**THE TASK:** Word for word, repeat all the entries below, but without the pictures.

[Scraped caption text data]
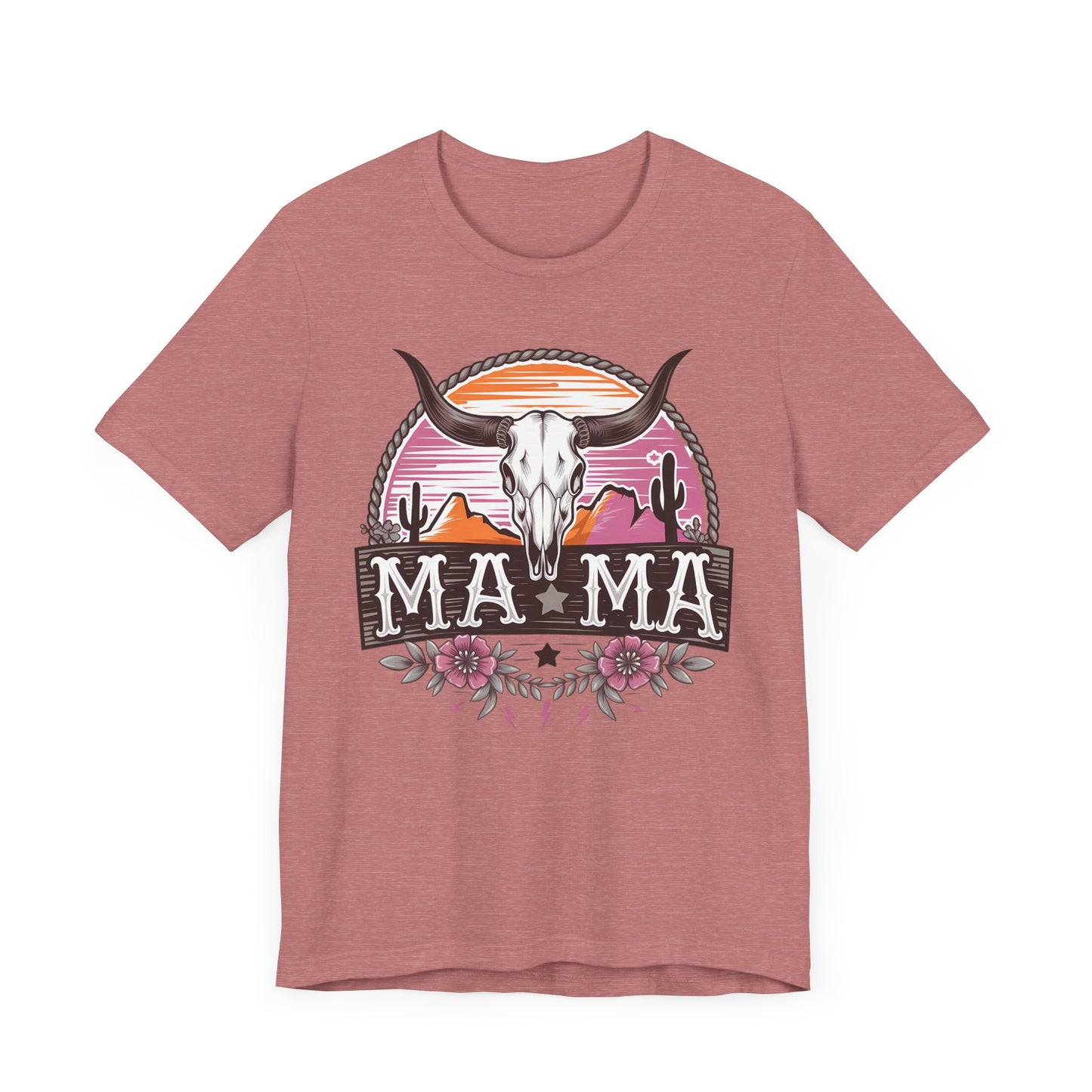 Mama Tee with Cow Skull, Gift for Moms, Casual Summer Top, Boho Style Apparel, Unique Mother's Day Gift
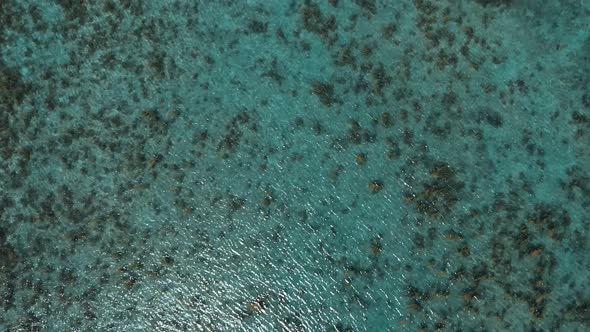 Aerial Blue water surface coral bay view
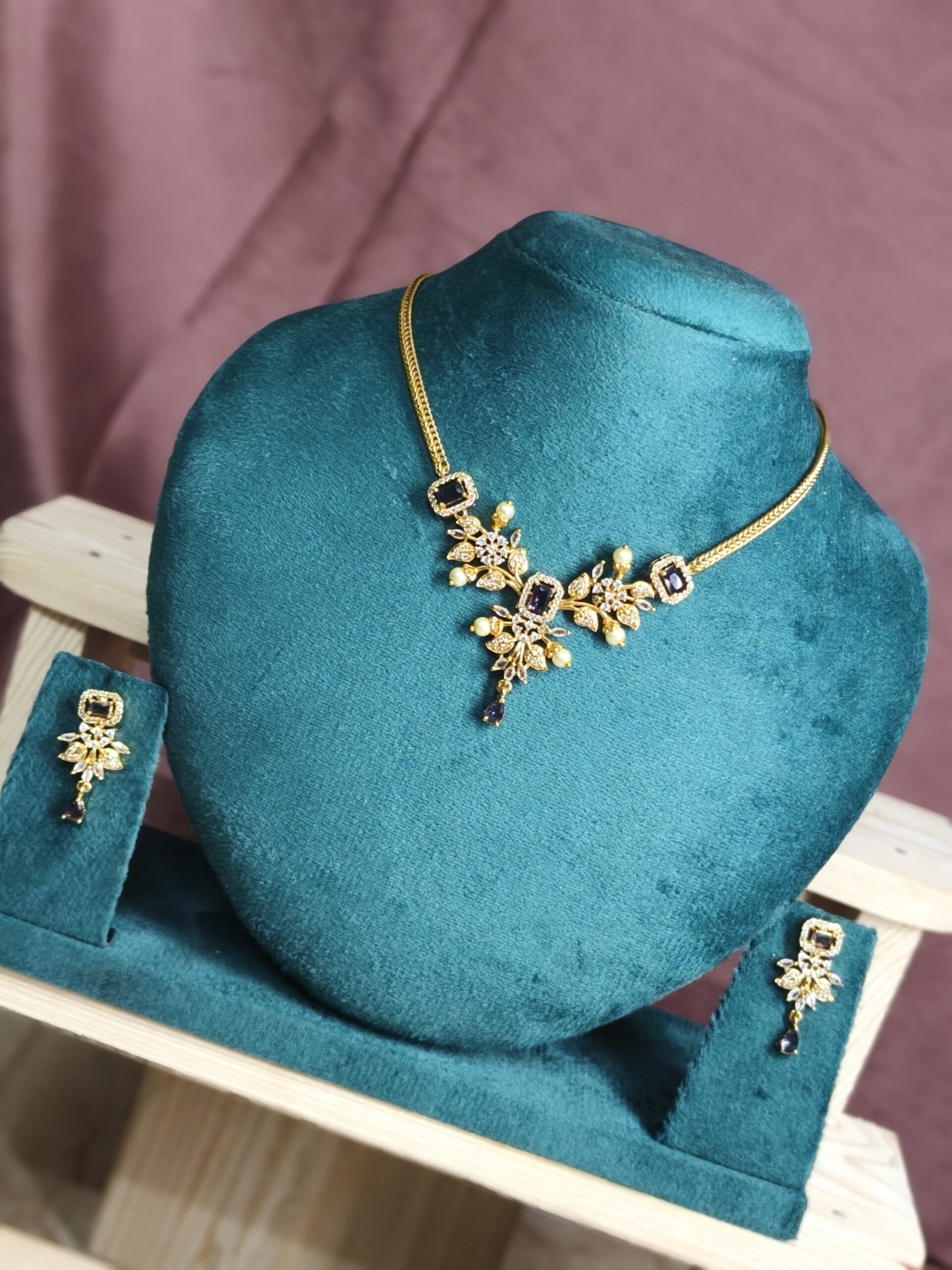 Midnight Sapphire Statment Necklace 599 - Image 2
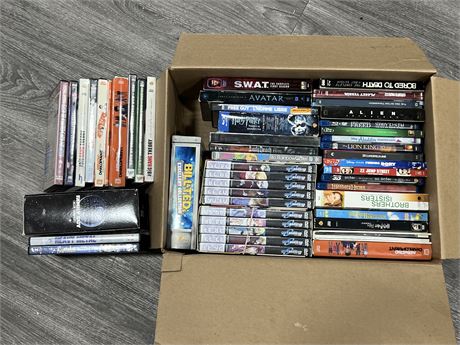 BOX OF DVDS W/SOME BLU RAYS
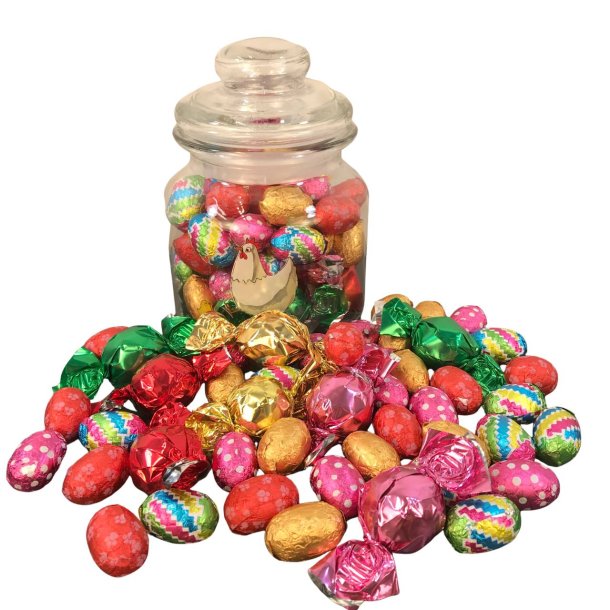 P�skekurv � P�skeglas med l�kkerier � 47 stk. chokolade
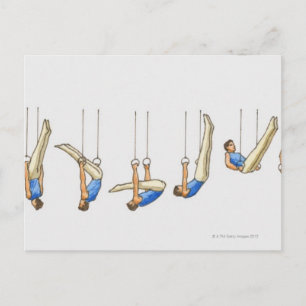 Sequence of illustrations showing male gymnast 2 postcard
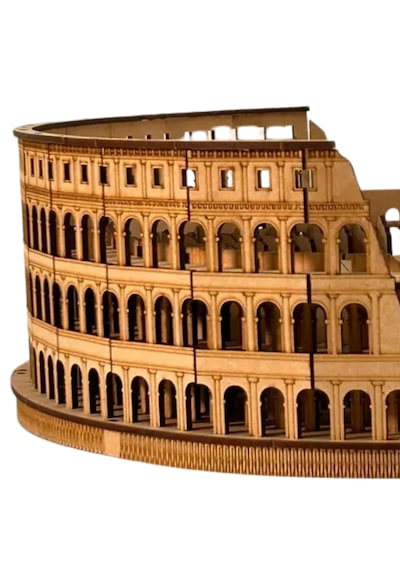 Roma Koloseumu Ahşap Maket Seti Dıy Miniatür Diorama Tarihi Mimari Koleksiyoner Modeli 458 Parça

**EXERCISE RESPONSE:**
 Mama Tee with Cow Skull, Gift for Moms, Casual Summer Top, Boho Style Apparel, Unique Mother's Day Gift
 Aerial Blue water surface coral bay view
 Midnight Sapphire Statment Necklace 599 - Image 2
 BOX OF DVDS W/SOME BLU RAYS
 P�skekurv � P�skeglas med l�kkerier � 47 stk. chokolade
 Sequence of illustrations showing male gymnast 2 postcard
 Roma Koloseumu Ahşap Maket Seti Dıy Miniatür Diorama Tarihi Mimari Koleksiyoner Modeli 458 Parça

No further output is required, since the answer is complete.